Around two years ago, I wrote a note about Christmas because my crush had a note about it too. If that’s not inspiration then I don’t know what is. Or maybe it was me being papansinand hopeful in spite of it being very pathetic. But assuming that it was a matter of inspiration, I sadly conclude that this Christmas, or at least this article, is bereft of that beautiful thing.
I am uninspired, and I’m trying to pull off a Sara Bareilles move who wrote a song about not writing a love song because he asked for it because he needed one, whoever he was. I apologize now, in case this sounds too ranty and Tumblr material.

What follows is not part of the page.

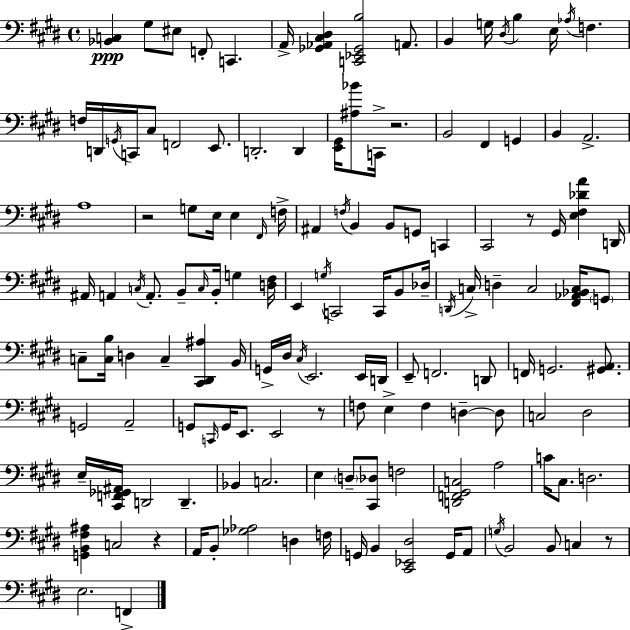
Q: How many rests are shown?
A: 6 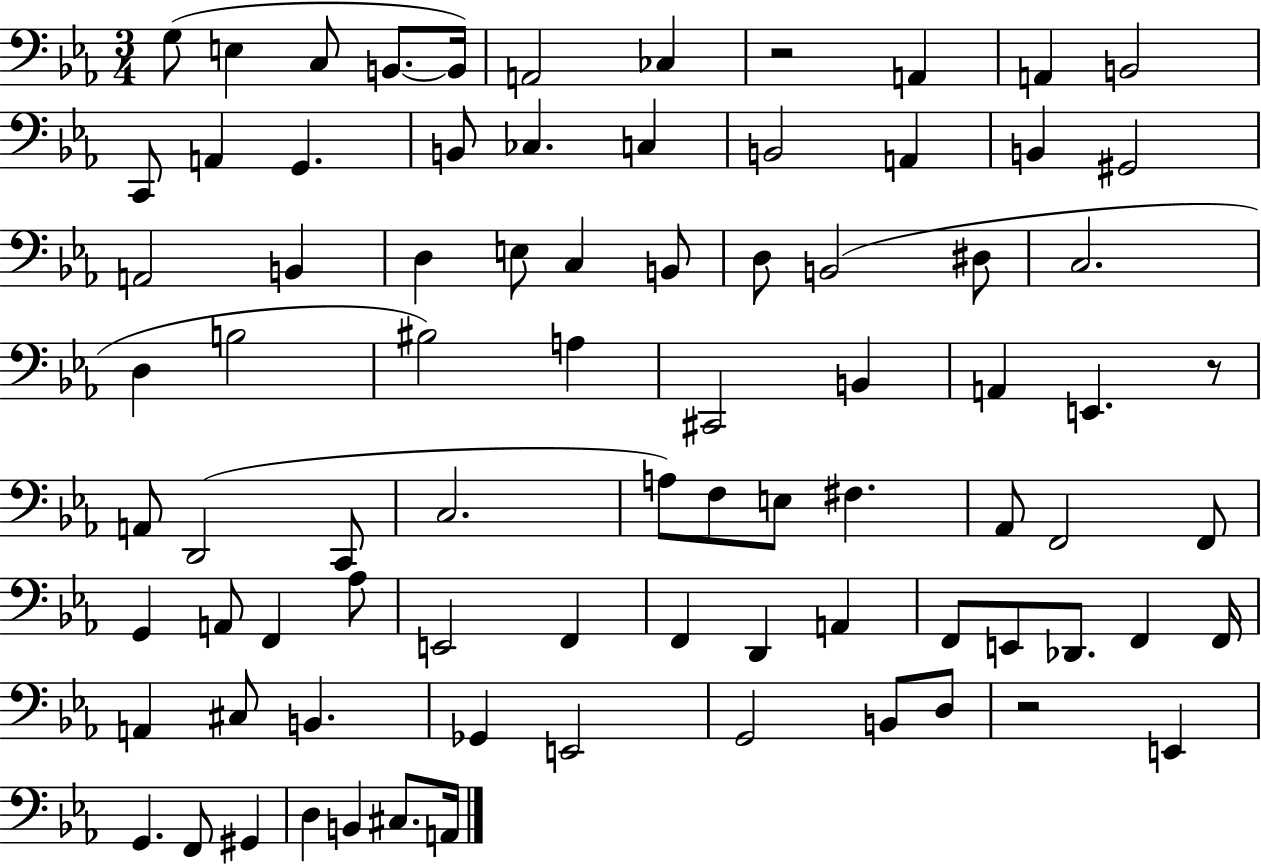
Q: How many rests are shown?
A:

So let’s talk about Christmas, and the way it’s not just a season of giving but more importantly, in my opinion, it’s a season of wanting. Albeit being a cultural obligation to give, Christmas is an excuse to expect. Simple economics. Charity is an illusion, because giving something even without the tangible returns necessitates exchange for the intangible ones- like feeling that you’ve done a bit of good in the world.
We want a lot of stuff. Even Mahatma Gandhi, who lived possibly the most materially-deprived lifestyle I’ve heard of, wanted a lot of stuff. He wanted India to be free, to alleviate poverty, to extend women’s rights, etc. Though many of us would be happy with an iPad, an iPhone with Siri or whatever expensive thing Mac can spew out, or whatever else there is to want, like the paradisal promise of true love of all things, I want to talk about what I want, ultimately.

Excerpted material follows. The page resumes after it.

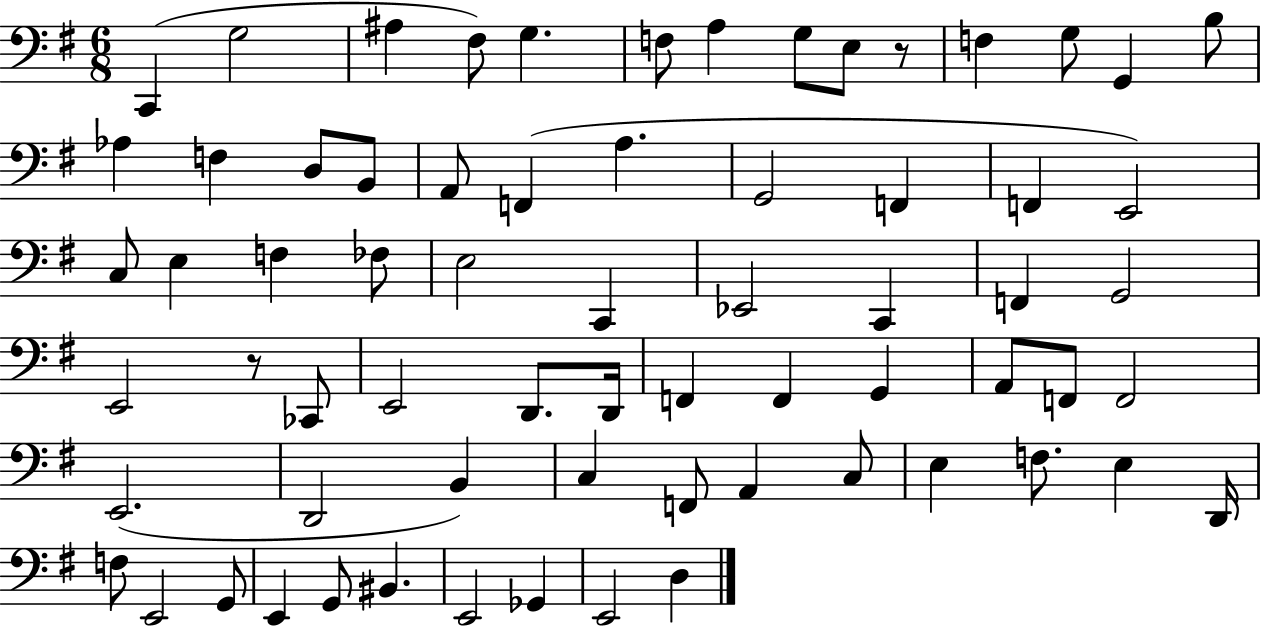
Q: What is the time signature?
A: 6/8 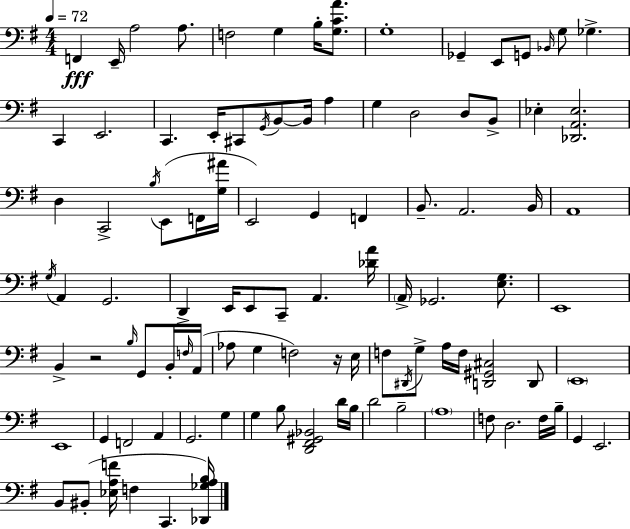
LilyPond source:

I want to be happy. As to how that will happen, I realized, is to ride along the times when I am sad with as much composure, good-humored cynicism, analysis in the grander scheme of the universe, cathartic karaoke and the shining comfort of hope- hope that sadness doesn’t last long enough to consume you, snuffing out living a life in the process.

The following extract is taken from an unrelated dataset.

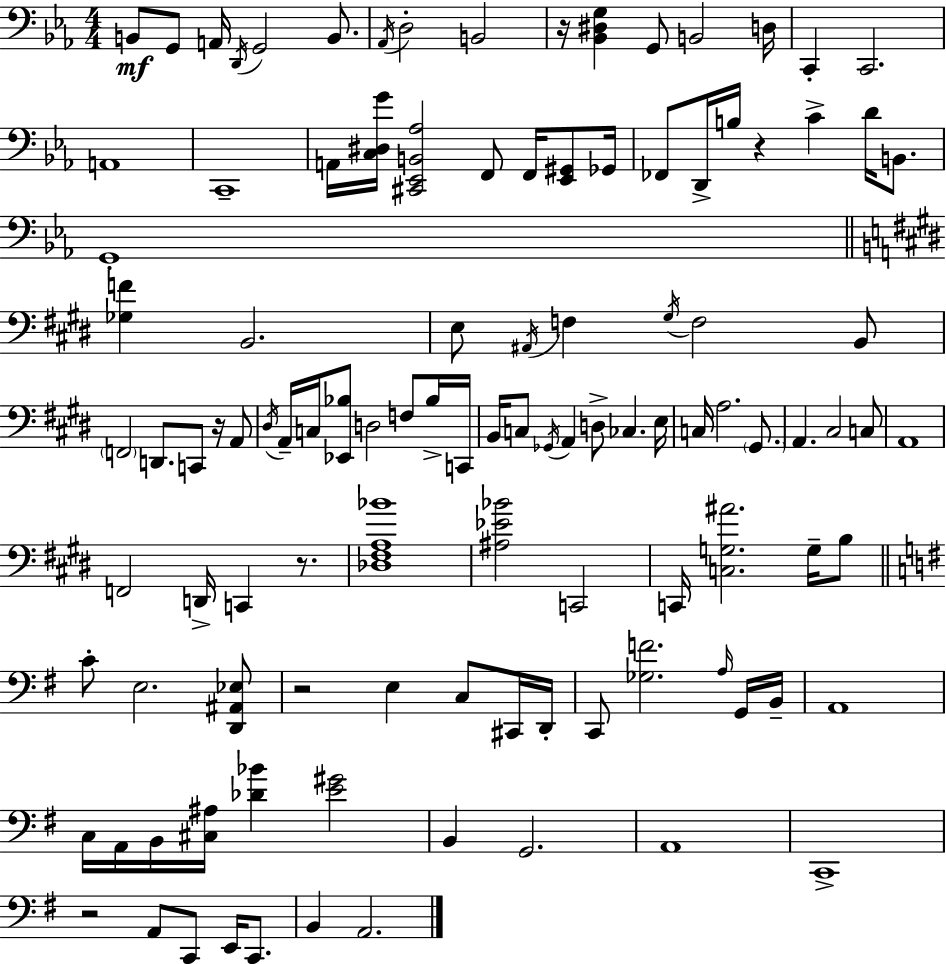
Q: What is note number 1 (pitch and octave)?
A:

Christmas, after all, is founded on the idea that Jesus was born, supposedly to save mankind. Though the historical accuracy of the date is questionable, and that a lot of people don’t really celebrate it with Jesus in mind, I think Christmas exists to remind us of the capacity of people to be good and to hope- that at least once a year we can feel all fuzzy inside because love, wherever it comes from- from a friend, a boy/girlfriend, family, a bottle of vodka- walks into our lives in a more concentrated form.
For me, Christmas is about love, or at least hope for the power of love to fix the world- a world that has oftentimes felt as if it had too little of these two things.